What you need to do:
The word "through" occurs in some lines of the data. Return each such line.

Records shown:
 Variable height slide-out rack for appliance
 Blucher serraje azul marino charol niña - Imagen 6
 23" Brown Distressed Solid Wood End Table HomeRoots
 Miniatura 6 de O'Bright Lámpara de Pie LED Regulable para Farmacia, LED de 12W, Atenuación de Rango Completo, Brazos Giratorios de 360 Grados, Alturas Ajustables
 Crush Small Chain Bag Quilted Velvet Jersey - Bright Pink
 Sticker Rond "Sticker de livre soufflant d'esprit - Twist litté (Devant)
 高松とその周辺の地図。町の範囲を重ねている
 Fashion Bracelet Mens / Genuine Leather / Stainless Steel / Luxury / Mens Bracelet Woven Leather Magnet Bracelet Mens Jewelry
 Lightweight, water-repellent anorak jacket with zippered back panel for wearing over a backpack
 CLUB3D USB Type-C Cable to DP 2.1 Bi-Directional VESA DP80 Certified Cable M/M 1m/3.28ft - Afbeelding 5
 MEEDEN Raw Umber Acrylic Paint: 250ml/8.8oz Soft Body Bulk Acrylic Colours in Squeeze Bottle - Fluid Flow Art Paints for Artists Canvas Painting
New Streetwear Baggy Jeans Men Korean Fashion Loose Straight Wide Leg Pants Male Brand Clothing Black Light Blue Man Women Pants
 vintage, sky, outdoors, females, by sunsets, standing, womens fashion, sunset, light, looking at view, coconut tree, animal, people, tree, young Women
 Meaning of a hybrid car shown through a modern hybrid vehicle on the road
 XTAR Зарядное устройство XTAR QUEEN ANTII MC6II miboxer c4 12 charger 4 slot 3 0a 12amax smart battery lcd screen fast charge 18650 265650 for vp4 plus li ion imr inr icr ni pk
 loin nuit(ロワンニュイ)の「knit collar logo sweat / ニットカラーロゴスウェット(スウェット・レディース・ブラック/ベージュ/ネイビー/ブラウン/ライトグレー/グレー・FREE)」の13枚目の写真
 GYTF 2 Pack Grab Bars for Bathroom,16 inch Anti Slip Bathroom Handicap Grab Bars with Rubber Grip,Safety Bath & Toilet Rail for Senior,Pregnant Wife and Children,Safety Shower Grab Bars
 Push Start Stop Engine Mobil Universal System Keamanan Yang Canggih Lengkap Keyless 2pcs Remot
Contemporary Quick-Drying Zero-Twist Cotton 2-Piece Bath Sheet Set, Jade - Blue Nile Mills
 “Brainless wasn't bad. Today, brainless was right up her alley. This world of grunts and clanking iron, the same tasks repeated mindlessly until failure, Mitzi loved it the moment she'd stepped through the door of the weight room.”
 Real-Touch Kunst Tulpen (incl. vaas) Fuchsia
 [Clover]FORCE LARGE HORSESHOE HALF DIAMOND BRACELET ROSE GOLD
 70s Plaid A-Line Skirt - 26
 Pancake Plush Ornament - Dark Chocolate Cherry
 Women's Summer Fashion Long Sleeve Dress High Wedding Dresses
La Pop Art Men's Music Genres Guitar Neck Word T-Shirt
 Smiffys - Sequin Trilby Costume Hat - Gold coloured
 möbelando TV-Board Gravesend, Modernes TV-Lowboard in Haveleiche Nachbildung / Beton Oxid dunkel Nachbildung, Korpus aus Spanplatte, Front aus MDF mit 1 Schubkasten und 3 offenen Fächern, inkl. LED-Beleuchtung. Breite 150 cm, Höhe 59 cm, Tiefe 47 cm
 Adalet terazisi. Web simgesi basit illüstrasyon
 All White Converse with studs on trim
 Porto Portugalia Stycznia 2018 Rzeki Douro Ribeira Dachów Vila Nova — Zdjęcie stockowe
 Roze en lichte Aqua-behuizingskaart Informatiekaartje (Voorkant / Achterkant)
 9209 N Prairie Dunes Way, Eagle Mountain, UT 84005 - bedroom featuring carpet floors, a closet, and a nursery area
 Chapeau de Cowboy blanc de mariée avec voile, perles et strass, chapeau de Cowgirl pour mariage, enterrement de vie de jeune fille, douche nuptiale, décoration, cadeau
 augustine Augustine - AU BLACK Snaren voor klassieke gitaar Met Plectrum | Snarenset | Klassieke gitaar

Written response:
 Meaning of a hybrid car shown through a modern hybrid vehicle on the road
 “Brainless wasn't bad. Today, brainless was right up her alley. This world of grunts and clanking iron, the same tasks repeated mindlessly until failure, Mitzi loved it the moment she'd stepped through the door of the weight room.”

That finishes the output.